Prior to joining Aston Martin, Martin Whitmarsh didn’t want to work for another Formula 1 team as he didn’t want to race against McLaren.

The former McLaren team principal and CEO is back on the F1 grid after becoming the Group CEO of the newly-created Aston Martin Performance Technologies division.

It’s his first role in the sport since he left his former employer before the start of the 2014 campaign, with his positions being taken by Ron Dennis and Eric Boullier.

Prior to taking the job at Aston Martin, he stated that he had turned down the chance to return to the grid with another team as he didn’t want to go up against McLaren.

“I’m quite a strange, loyal person and just didn’t want to race against McLaren,” he told Motorsport Magazine.
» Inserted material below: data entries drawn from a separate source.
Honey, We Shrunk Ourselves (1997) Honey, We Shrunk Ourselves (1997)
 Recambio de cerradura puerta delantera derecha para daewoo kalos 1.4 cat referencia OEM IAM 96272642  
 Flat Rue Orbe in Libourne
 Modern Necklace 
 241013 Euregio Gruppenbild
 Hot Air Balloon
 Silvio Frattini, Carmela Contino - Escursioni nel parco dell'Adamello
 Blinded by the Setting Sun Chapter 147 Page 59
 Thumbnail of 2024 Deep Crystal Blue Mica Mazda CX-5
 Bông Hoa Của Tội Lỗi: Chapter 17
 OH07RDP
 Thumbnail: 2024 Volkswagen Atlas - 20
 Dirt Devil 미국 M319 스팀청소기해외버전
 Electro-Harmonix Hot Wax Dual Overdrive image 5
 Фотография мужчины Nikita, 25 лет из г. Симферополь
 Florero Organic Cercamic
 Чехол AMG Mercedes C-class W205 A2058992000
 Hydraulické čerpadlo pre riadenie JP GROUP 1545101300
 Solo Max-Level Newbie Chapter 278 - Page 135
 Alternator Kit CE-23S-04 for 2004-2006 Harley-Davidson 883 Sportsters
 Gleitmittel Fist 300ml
“Never say never. I’m still relatively young and fit [he’s 63]. This year I have freed myself up, so I don’t hold any executive positions. So there is a bit of hankering for one last hurrah.

“But I’m open to anything if it’s challenging and different. To come back and turn the same handles… it would have to be something extraordinary. But maybe I had the best of it.

“I’ve been a team principal and a chairman of FOTA [the now-disbanded Formula One Teams Association] so it would have to be something pretty special.

He also said that if he were to join another team, it would be important that the owner was more than just rich.

“You can’t do it part-time, it’s a 24-7 thing, with good people in the team. But you can’t always choose the owners, who have to be extraordinary, and quite a lot of them aren’t. Well, they are extraordinarily rich…” he added.

Aston’s owner, Lawrence Stroll, certainly fits into the latter category, and his goal is for the team to fight for and win World Championships within the next five years.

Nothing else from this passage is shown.